Product

Snorkel Flow 2023.R4: enhanced UI + PDF and Databricks tools

January 9, 2024
4 min read

We’re thrilled to announce the release of Snorkel Flow 2023.R4, a continuation of our commitment to creating a robust AI data development platform that empowers enterprises to accelerate custom AI data breakthroughs by 100x. This release introduces new features and enhancements designed to streamline processes and boost performance for even the most challenging scenarios.

Before we delve into the details, here’s a quick tl;dr of what is included in this latest release:

  • New Unified Prompting UI and RAG: Enhanced interface for a more intuitive user experience.
  • Advanced PDF Annotation: Simplifies labeling and boosts efficiency for large documents.
  • Databricks MLflow Deployment Integration: new streamlined deployment of machine learning models to the Databricks MLflow Model Registry
  • Performance and usability improvements: Snorkel Flow Studio and dataset loads 2x faster.

Enhanced PDF capabilities

Working with PDF data often involves annotating entire documents, not just individual tokens—especially when dealing with large files or sparse entities.

Using Snorkel Flow 2023.R4, users can now quickly and effortlessly sample specific documents at the document level using document IDs. This new feature simplifies the data annotation process, allowing for a more targeted approach rather than sampling annotation data by spans.

Whether you’re handling large PDFs or just focused on individual unique structures (e.g. tables, diagrams, etc.) these improvements enhance your overall experience and efficiency.  

New enhanced Unified Prompting UI and RAG capabilities

Our new unified prompting interface enables users to construct more freeform prompts, giving you the flexibility and control needed to programmatically operate on your data. Now, you can prompt foundation models for multi-label classification, and batch processes by selecting the batch size, and run the prompt on a subset before scaling to your entire dataset.

This will not only enhance efficiency across all your Snorkel Flow applications but also provide a safer, more controlled environment for testing and iteration.

Additionally, we’ve implemented an all-new RAG integration (Alpha)  into the prompting workflow. RAG is becoming a market standard for enhancing prompting workflows to improve the accuracy of generative AI outputs. If you want to see this functionality in action, sign up for a demo.

Configurable multi-label annotation defaults

Consistent labels are vital for any AI/ML project; without them, model performance suffers. This is especially important when multiple teams work on the same data.
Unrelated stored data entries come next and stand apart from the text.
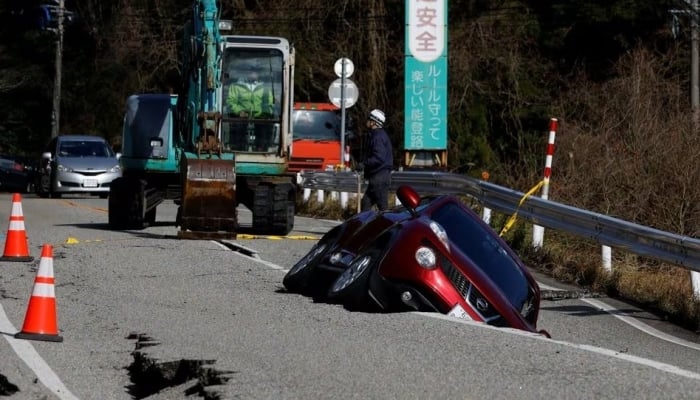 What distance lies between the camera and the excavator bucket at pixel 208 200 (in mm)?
18359

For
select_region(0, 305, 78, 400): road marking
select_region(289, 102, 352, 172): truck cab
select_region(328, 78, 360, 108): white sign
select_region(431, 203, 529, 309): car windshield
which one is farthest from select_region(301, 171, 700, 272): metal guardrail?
select_region(289, 102, 352, 172): truck cab

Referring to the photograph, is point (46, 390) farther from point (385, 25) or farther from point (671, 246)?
point (385, 25)

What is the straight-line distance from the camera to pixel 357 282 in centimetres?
1015

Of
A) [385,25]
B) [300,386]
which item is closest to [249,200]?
[300,386]

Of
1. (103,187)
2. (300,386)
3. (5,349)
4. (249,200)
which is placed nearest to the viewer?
(300,386)

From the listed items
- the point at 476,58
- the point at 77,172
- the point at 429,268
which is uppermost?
the point at 476,58

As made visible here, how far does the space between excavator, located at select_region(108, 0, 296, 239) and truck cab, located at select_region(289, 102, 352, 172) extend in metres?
13.1

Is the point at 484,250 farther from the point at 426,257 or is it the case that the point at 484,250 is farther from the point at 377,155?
the point at 377,155

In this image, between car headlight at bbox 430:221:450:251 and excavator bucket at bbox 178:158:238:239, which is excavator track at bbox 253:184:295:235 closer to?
excavator bucket at bbox 178:158:238:239

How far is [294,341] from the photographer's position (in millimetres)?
8836

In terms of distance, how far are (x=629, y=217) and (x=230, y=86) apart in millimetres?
6306

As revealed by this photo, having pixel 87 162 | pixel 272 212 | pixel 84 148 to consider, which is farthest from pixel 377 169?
pixel 84 148

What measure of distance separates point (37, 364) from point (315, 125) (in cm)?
2816

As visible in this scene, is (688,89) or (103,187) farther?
(688,89) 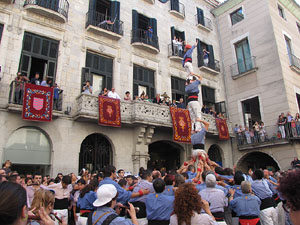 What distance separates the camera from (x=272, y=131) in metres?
17.2

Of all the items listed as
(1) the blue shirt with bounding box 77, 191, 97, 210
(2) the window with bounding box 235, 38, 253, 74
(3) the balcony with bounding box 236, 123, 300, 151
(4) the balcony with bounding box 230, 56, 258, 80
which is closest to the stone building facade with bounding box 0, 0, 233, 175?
(3) the balcony with bounding box 236, 123, 300, 151

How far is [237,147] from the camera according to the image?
18.6 meters

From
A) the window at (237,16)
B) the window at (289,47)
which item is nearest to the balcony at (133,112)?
the window at (289,47)

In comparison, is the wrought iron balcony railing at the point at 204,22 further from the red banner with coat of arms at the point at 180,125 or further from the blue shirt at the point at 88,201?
the blue shirt at the point at 88,201

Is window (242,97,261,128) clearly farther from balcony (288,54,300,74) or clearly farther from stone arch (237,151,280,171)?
balcony (288,54,300,74)

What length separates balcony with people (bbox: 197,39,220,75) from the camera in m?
19.3

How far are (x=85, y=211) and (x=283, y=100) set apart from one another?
631 inches

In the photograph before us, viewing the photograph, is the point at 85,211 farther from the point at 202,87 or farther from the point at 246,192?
the point at 202,87

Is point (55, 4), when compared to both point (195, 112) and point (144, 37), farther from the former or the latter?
point (195, 112)

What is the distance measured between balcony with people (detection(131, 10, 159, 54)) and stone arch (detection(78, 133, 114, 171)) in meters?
6.46

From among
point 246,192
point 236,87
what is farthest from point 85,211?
point 236,87

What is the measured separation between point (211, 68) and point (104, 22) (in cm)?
949

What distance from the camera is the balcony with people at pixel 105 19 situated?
1424cm

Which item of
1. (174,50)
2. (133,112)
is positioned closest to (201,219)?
(133,112)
Without a shared understanding of what each label means, team members might misinterpret the data, causing errors in the dataset and any insights derived from it. To prevent this, 2023.R4 will have the option for users to configure multi-label annotation defaults to match individual team preferences.

Image4

Databricks MLflow deployment integration

Snorkel Flow is purposefully engineered to seamlessly integrate into an enterprise’s existing MLOps workflow. We continually work to make it as fast and as easy as possible for our customers to deploy what they’ve built in Snorkel Flow into production.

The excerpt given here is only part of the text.